I have written about Nate Allen before and the articles are scathing. A high second round pick in the NFL draft should be a starter in the NFL. The Eagles thought they had that when they drafted Nate Allen out of South Florida. Allen graded well with most scouts.
The Eagles elected to move up and take Brandon Graham with the 14th overall pick in the 2010 draft (passing on Texas’ Earl Thomas), hoping to find a defensive end that could provide pressure on the quarterback. The Eagles did this because they knew Nate Allen would be available with the draft pick they acquired for the trade of Donovan McNabb.
After the loss of Brian Dawkins to free agency, the Eagles were desperate for a safety that could possibly fill his shoes. Nate Allen was scouted as having good size and athleticism. The Eagles never knew that Nate Allen simply cannot play.
I wrote an article on September 21st entitled, “Is Eagles Safety Nate Allen A Disappointment?”. Here was my perspective:
“I have never been a Nate Allen fan, so I may be biased. I see him as a finesse player who plays a position that needs some physicality. Allen could evolve into a great pro, it is too early to really tell. Andy Reid had Allen in a couple packages last week, but he did not show up on the stat sheet. Additionally, when asked, coach Reid has not said what Allen has to do to win a starting job back. Again, curious.
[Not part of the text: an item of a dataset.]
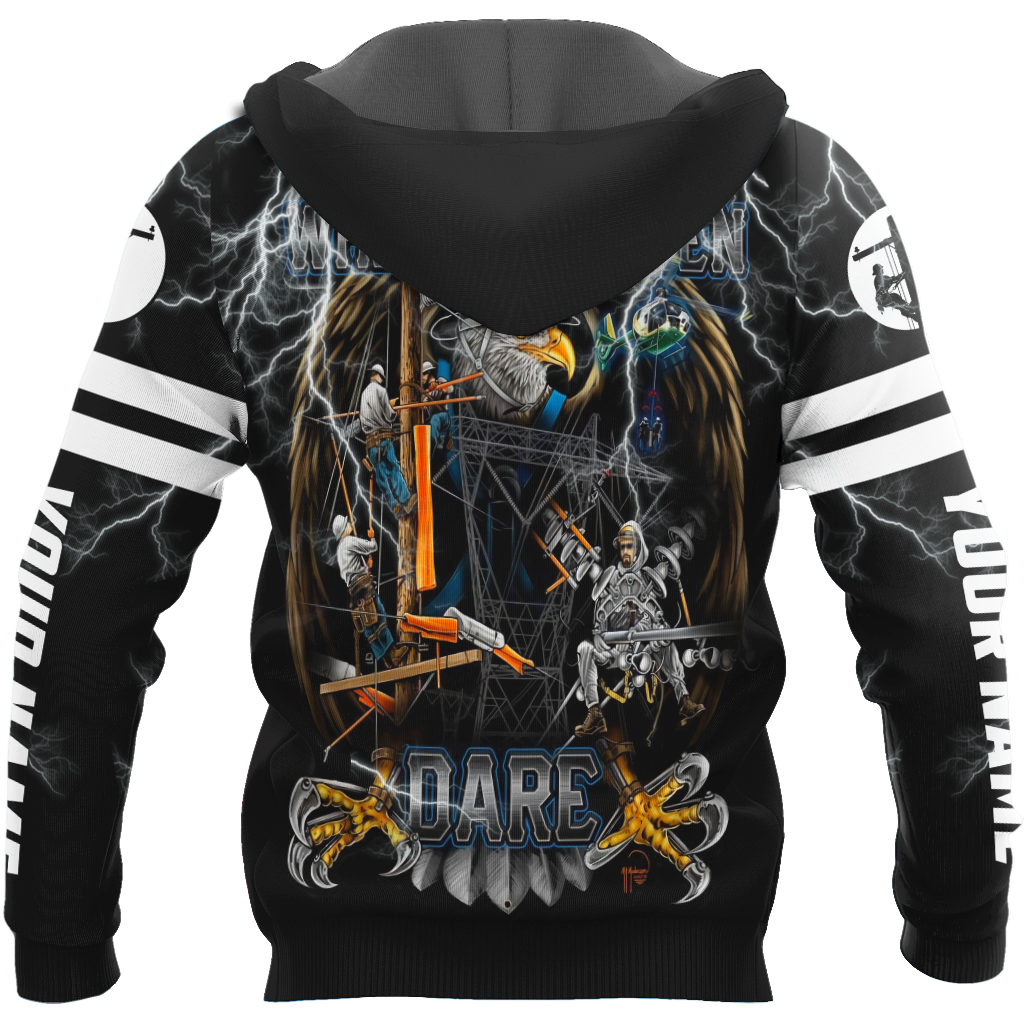 Premium Personalized 3D Printed Lineman Shirts Where Few Men Dare MEI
Injury aside, I wonder if Nate Allen is the player the Eagles thought he was. The coaches see him practice and they have him on the second squad. For a championship calibre team, it is great to have depth. However, there is a good reason why the number twos are back ups.”
The puzzling trait about Nate Allen is his lack of football acumen. On top of that, Allen plays soft. He has not been the force at free safety the Eagles were looking for.
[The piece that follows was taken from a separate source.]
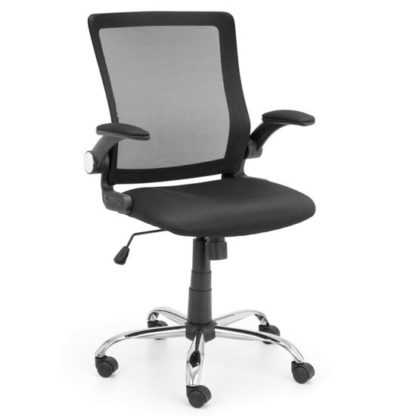 408977c1a9ebc69035af74484f352a66b447f487ea7fc107c6dc95b51044a257.jpg An Image of Ivins Mesh Fabric Upholstered Home And Office Chair In Black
I wrote another article on October 12th entitled, “Eagles Wasted A Second Round Pick On Nate Allen”. Here is what I said:
“I personally have seen Nate Allen blow tackles and miss assignments like a practice squad player.
So, let us look more closely at what Allen has done on the field. Wait, I rarely see his #29 jersey, unless chasing a running back or missing a tackle. That is a fact. O.K., so tackling is not Allen’s strong suit. I understand. Maybe he does not like the physicality of wrapping up an opponent. I am not sure why since he has decent size at 6’1 210 lbs.
Allen’s strength must be his ball hawking abilities, right? Answer: that is a negative. Nate has played in five games, two as a starter and has yet to register one, that’s right, one PD (pass defended). The NFL keeps that stat so you can be paid for something other than interceptions and tackles.”
When a team has a player like Nate Allen, the organization must admit that they made a mistake and move on. Otherwise, fans and coaches will see the backside of the #29 jersey so much, it may haunt them in their dreams.